Our contributions can be summarized as follows:
我们的贡献可归纳如下:
- •
We propose a GNN-based framework to capture topology-aware semantic representation by exploiting the patch-wise consistency between the input and translated output images.
·我们提出了一个基于GNN的框架,通过利用输入和翻译输出图像之间的分片一致性来捕获拓扑感知的语义表示。 - •
We suggest a method to share the adjacency matrix in order to utilize the patch-wise connection of input image as a prior knowledge for the contrastive learning.
·我们提出了一种共享邻接矩阵的方法,以便利用输入图像的分块连接作为对比学习的先验知识。 - •
To further exploit the hierarchical semantic relationship, we propose to use the graph pooling which provides a focused view for the graph.
·为了进一步利用分层语义关系,我们建议使用图池,它为图提供了一个集中的视图。 - •
Experimental results in five different datasets demonstrates the state-of-the-art performance by producing semantically meaningful graphs.

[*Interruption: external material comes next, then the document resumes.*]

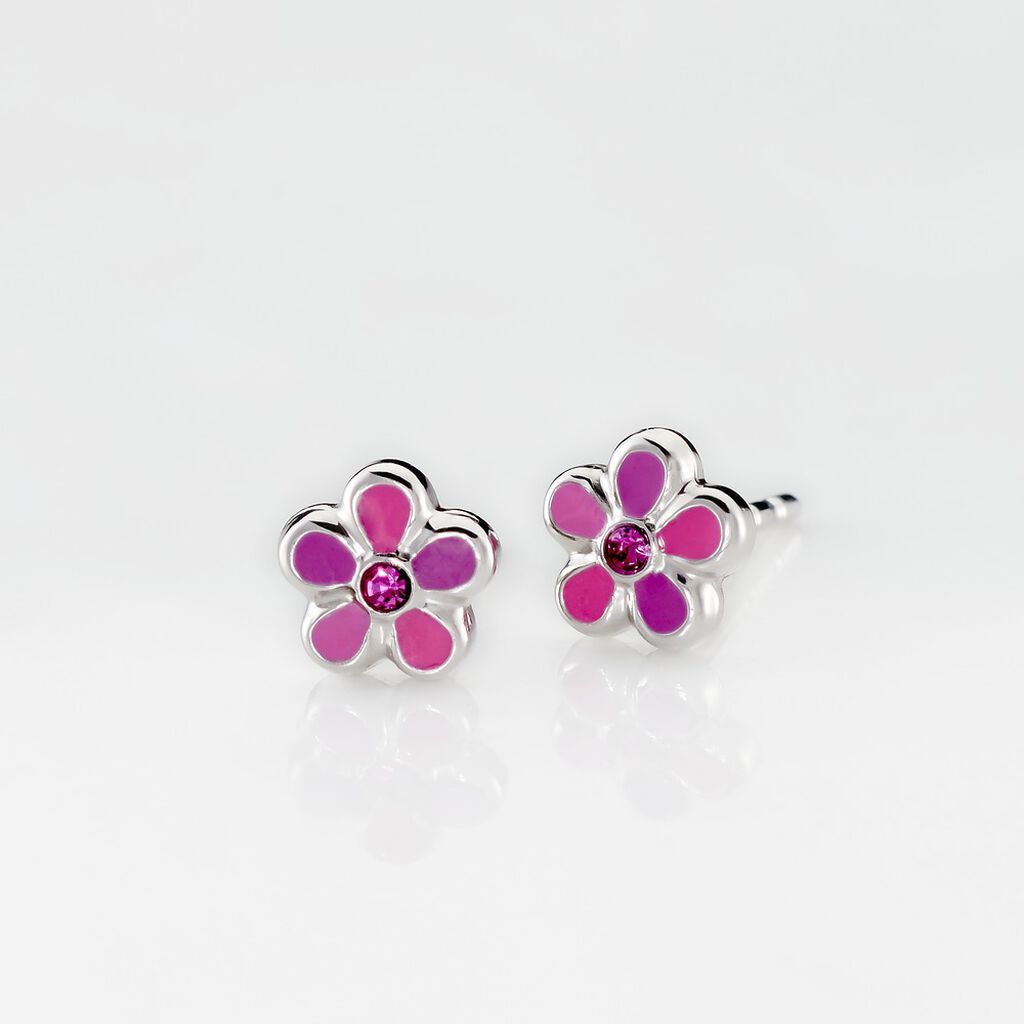 TULIPA Kinder Ohrstecker Silber 925 Glas Ros&eacute; Blume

·在五个不同数据集上的实验结果通过生成语义上有意义的图形来展示最先进的性能。
Related Works 相关作品
Patch-Wise Contrastive Learning for Images
图像的分块对比学习
In patch-level view, the image has diverse local semantics. The relational knowledge between the patches embodies the correlation between each region, and is utilized for various image generation tasks.
在块级视图中,图像具有多样的局部语义。块之间的关系知识体现了每个区域之间的相关性,并用于各种图像生成任务。